Task to carry out: Make an exact transcript of the lines in the data below, starting with the one containing "[어린이집 수업지도안 모음집]" and going on through the one containing "薪酬設(shè)計(jì)公", with both included and the pictures left out.

== Provided data ==

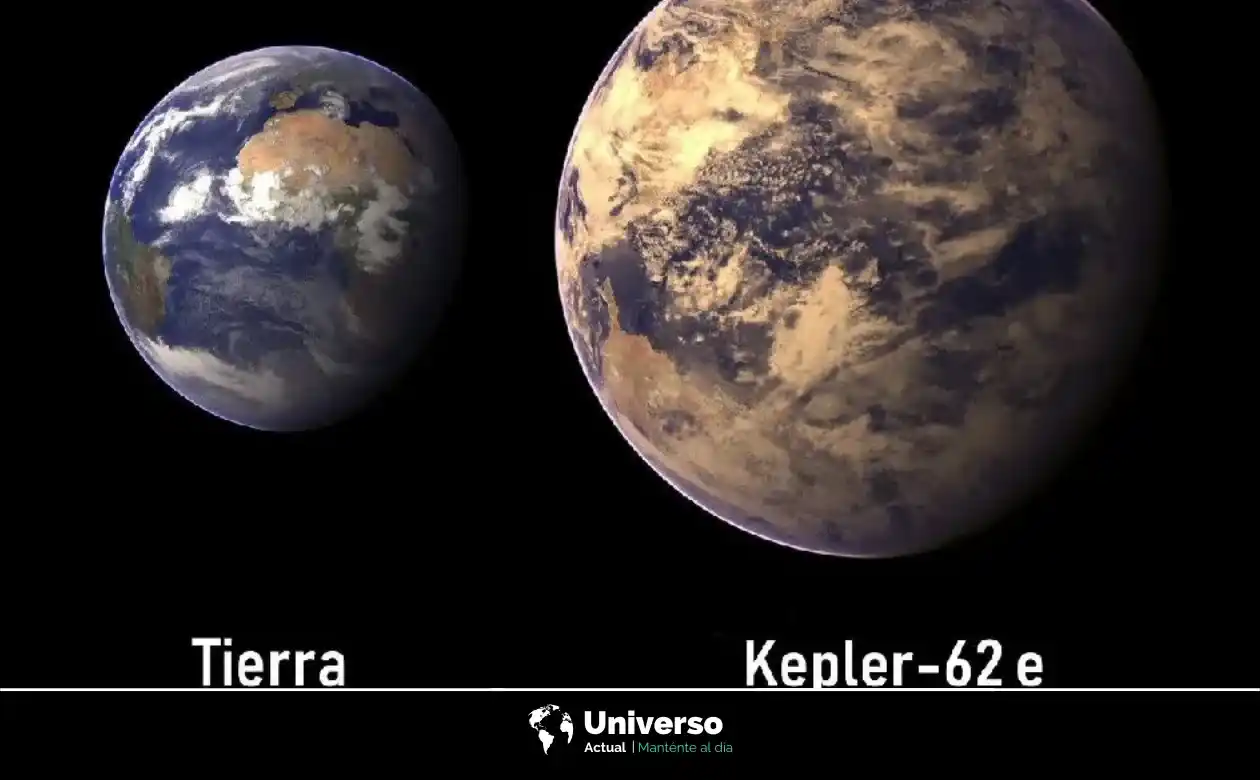Tierra y Kepler 62
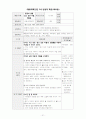 [어린이집 수업지도안 모음집] 일일 교육계획안 5개(월요일-금요일) 및 활동계획안5개(월요일-금요일) 모음집 21페이지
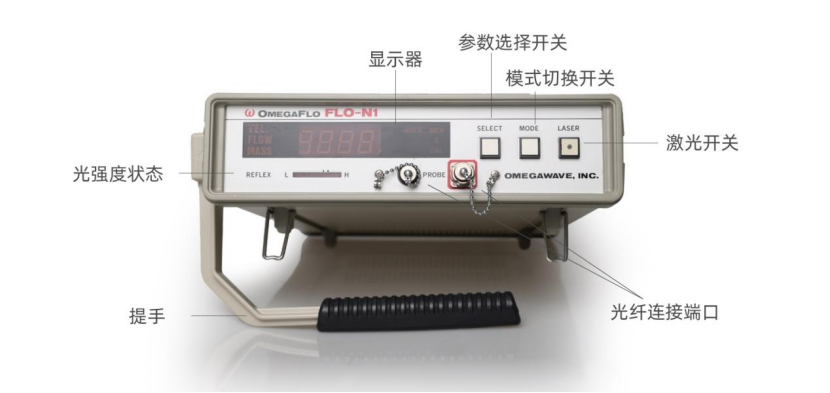 中风后神经血管如何 “自救”？Omegawave仪器助力监测关键保护因子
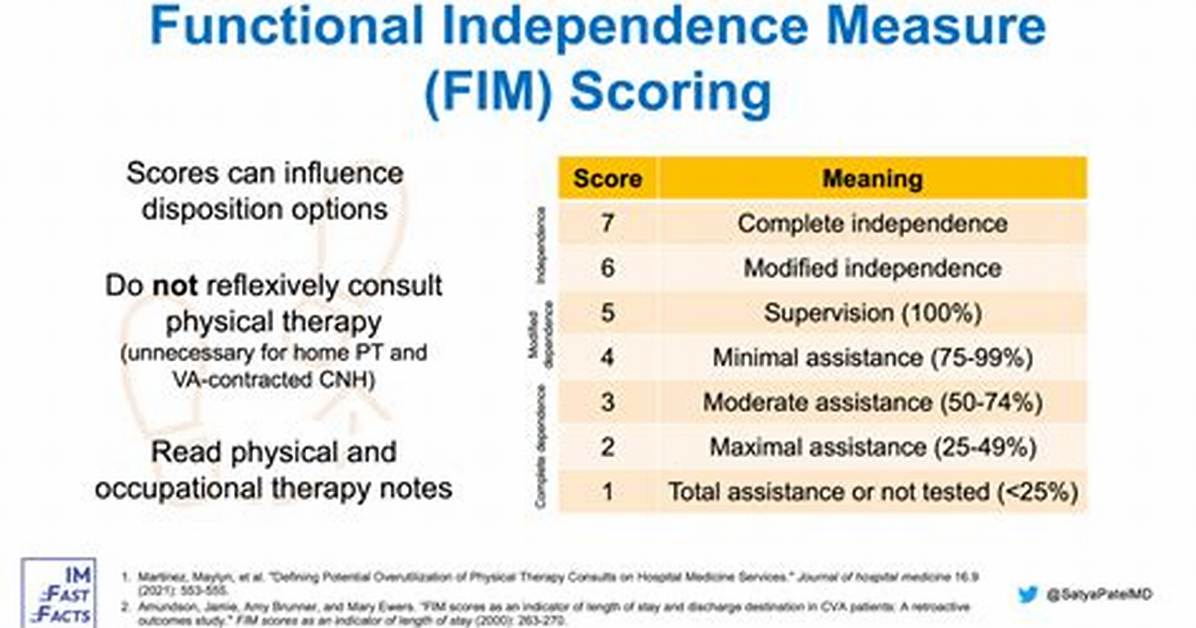 Fim Scoring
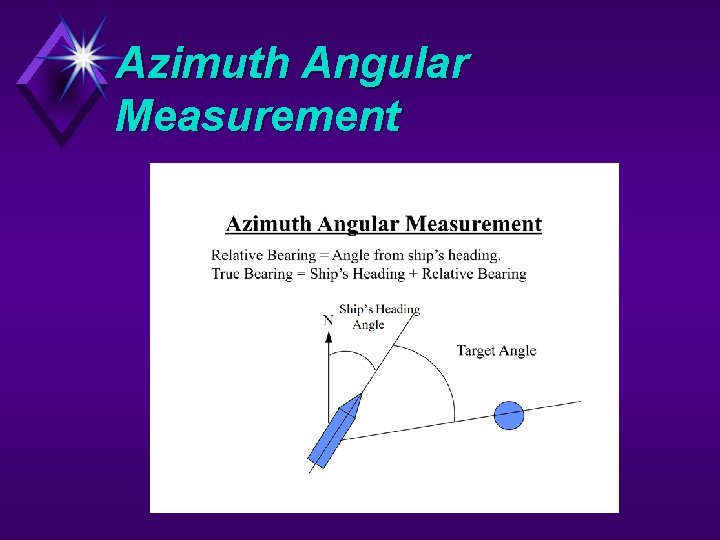 Azimuth Angular Measurement 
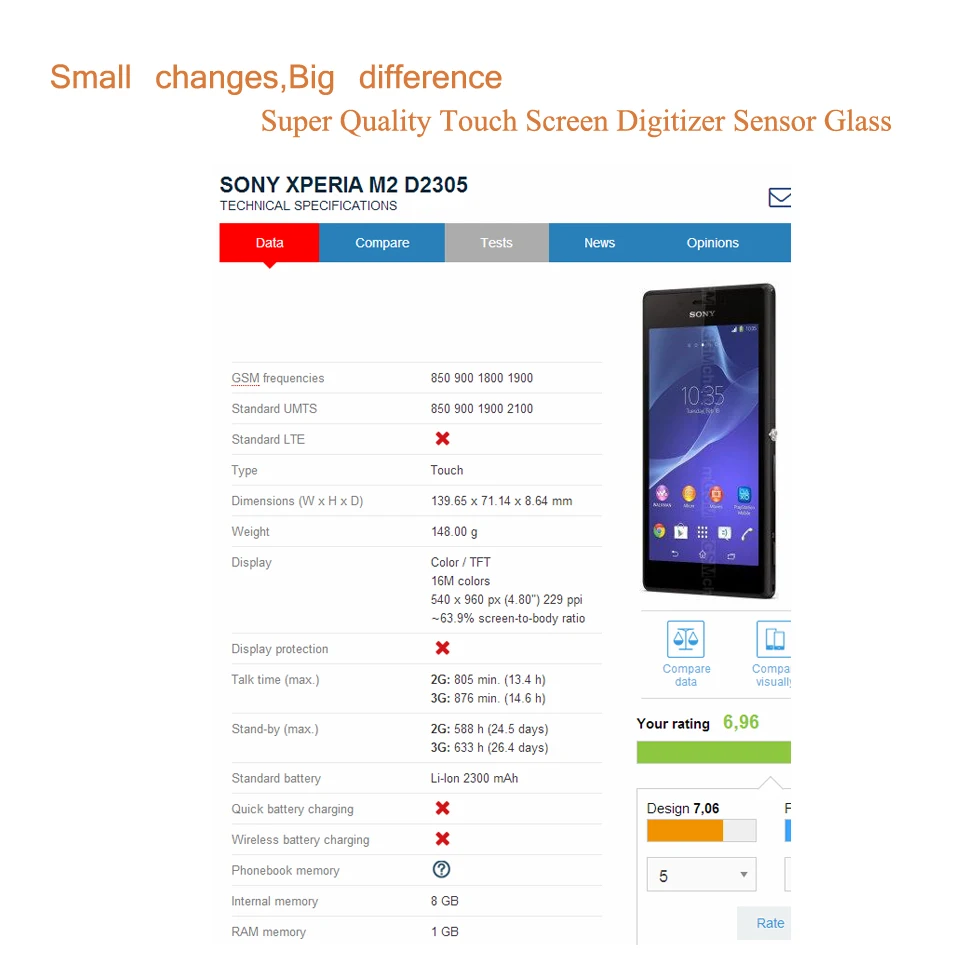 Сенсорный Экран 4 8 дюйма для Sony Xperia M2 S50H D2302 D2303 D2305 Aqua D2403 сенсорный экран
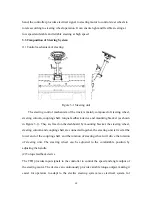 Preview for 22 page of HELI CPD15 Operation & Service Manual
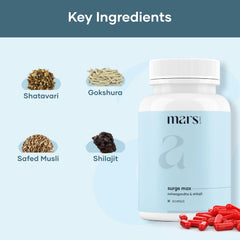 Gokshura component highlighted for vitality in Mars by GHC formula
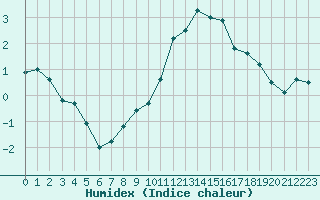 Courbe de l'humidex pour Herserange (54)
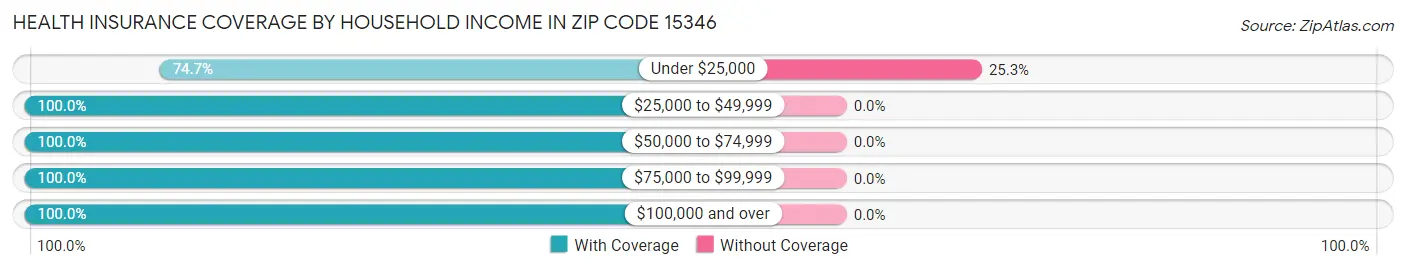 Health Insurance Coverage by Household Income in Zip Code 15346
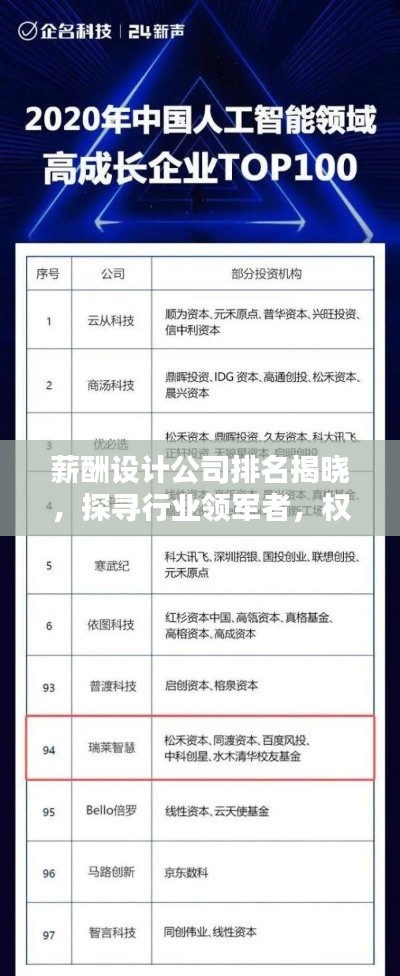 薪酬設(shè)計(jì)公司排名揭曉，探尋行業(yè)領(lǐng)軍者，權(quán)威榜單不容錯(cuò)過！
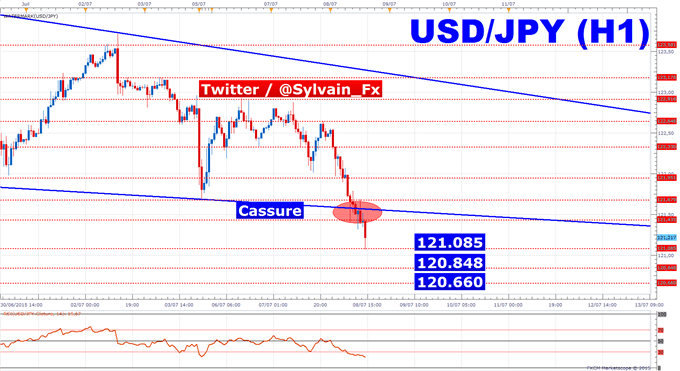 USDJPY : La baisse s'intensifie sur fond d' incertitude et d'aversion au risque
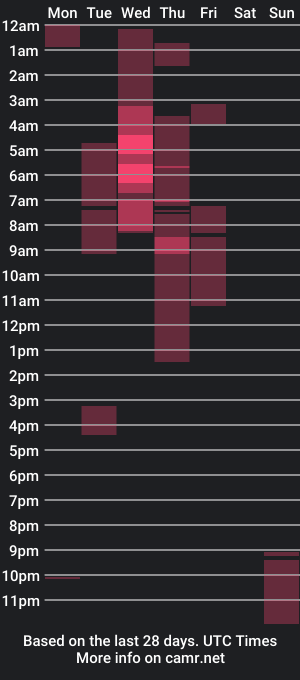 cam show schedule of babyandromeda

===

Answer for this exercise:
 [어린이집 수업지도안 모음집] 일일 교육계획안 5개(월요일-금요일) 및 활동계획안5개(월요일-금요일) 모음집 21페이지
 中风后神经血管如何 “自救”？Omegawave仪器助力监测关键保护因子
 Fim Scoring
 Azimuth Angular Measurement 
 Сенсорный Экран 4 8 дюйма для Sony Xperia M2 S50H D2302 D2303 D2305 Aqua D2403 сенсорный экран
 Preview for 22 page of HELI CPD15 Operation & Service Manual
 Gokshura component highlighted for vitality in Mars by GHC formula
 Courbe de l'humidex pour Herserange (54)
 Health Insurance Coverage by Household Income in Zip Code 15346
 薪酬設(shè)計(jì)公司排名揭曉，探尋行業(yè)領(lǐng)軍者，權(quán)威榜單不容錯(cuò)過！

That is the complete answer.